Re: Gesucht: die häufigsten Mißverständnisse zu Freier Software

RA Stehmann anwalt at rechtsanwalt-stehmann.de
Fr Feb 26 13:58:27 UTC 2016


On 26.02.2016 13:27, Florian Weimer wrote:

Das Ganze scheint mir etwas enggeführt:
> * Matthias Kirschner:
> 
>> Diese Mißverständnisse habe ich schon angegeben
>> <https://chemnitzer.linux-tage.de/2016/de/programm/beitrag/264>:
>> - Freie Software ist kostenlos. 
>> - Mit Freier Software kann man kein Geld verdienen.
> 
> - Mit Freier Software kann man Geld verdienen.
> 
> Das ist wohl auch nicht so ganz einfach, da es nur wenige Unternehmen
> gibt, bei denen fast alles zumindest im Quellcode zum Selberbauen nach
> draußen gegeben wird.:

Bekanntlich kann man nicht nur durch die Entwicklung Freier Software
Geld verdienen, sondern auch durch Dokumentation derselben (im weitesten
Sinne) und vor allem auch durch Support.

Florian hat hier offenbar Unternehmen im Auge, die auch (aus welchen
Gründen auch immer) "etwas mit Freier Software machen". Es gibt aber
auch Unternehmen und Entwickler, die bevorzugt bis ausschließlich Freie
Software entwickeln.

Keine Frage: Leicht ist das nicht, es muss ein wohldurchdachtes
Geschäftsmodell entwickelt werden, aber es gibt eben auch Menschen und
Unternehmen, die mit Freier Software sehr erfolgreich sind.

Die Aussage, mit Freier Software könne man kein Geld verdienen, ist
jedenfalls definitiv widerlegt.
> 
> - Bei Freier Software kann jeder mitmachen.
> 
> Einige Projekte sind absichtlich oder de facto so aufgestellt, daß nur
> wenige sich daran beteiligen können (z.B. Angestellte einer bestimmten
> Firma).

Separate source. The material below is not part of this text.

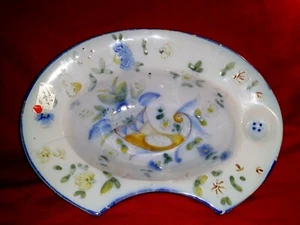 Ancien plat a barbe en faïence de St Clément-Décor "Corne d'Abondance" début XIX - Bild 1 von 9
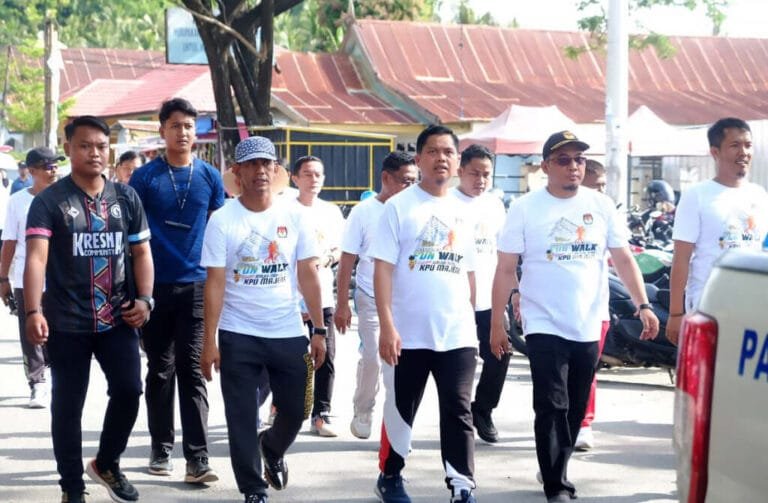 Fun Walk Pilkada Majene 2024: Sosialisasi dan Edukasi Pemilu yang Meriah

Klar kann jeder für sich Änderungen machen, aber das beleiben
> dann immer Insellösungen.

In der Tat nehmen die meisten Projekte nicht jede Codespende entgegen.
Aber die Ablehnung einer Codespende im Einzelfall ist meist durchaus gut
begründet.

Ansonsten sind die meisten Projekte für jeden Entwickler dankbar. Und
wenn es 'mal "menschelt", gibt es oft einen Fork.
> 
> - Die Entwicklung Freier Software ist transparent.
> 
> Gerade im GNU-Bereich gibt es zahlreiche geheime Mailinglisten, auf
> die gewöhnliche Entwickler keinen Zugriff haben. Das hat sich in den
> letzten zehn, zwanzig Jahren sicherlich gebessert, und die
> undemokratischen Prozesse sind auch zu einem gewissen Grad
> nachvollziehbar: Wir wollen nicht, daß die GPL irgendwann per
> Mehrheitsentscheid den Copyleft-Status endgültig verliert. Trotzdem
> ist es mitunter ärgerlich.

Wie Software durch eine bloße "Mehrheitsentscheidung" den Copyleftstatus
"endgültig" verlieren kann, ist mir nicht klar. Es sind natürliche Wege
denkbar, wie Software gegen den Willen einzelner Entwickler
"umlizenziert" bis hin zu einer proprietären Lizenz werden kann, wobei
das natürlich nur für zukünftige Versionen gelten kann.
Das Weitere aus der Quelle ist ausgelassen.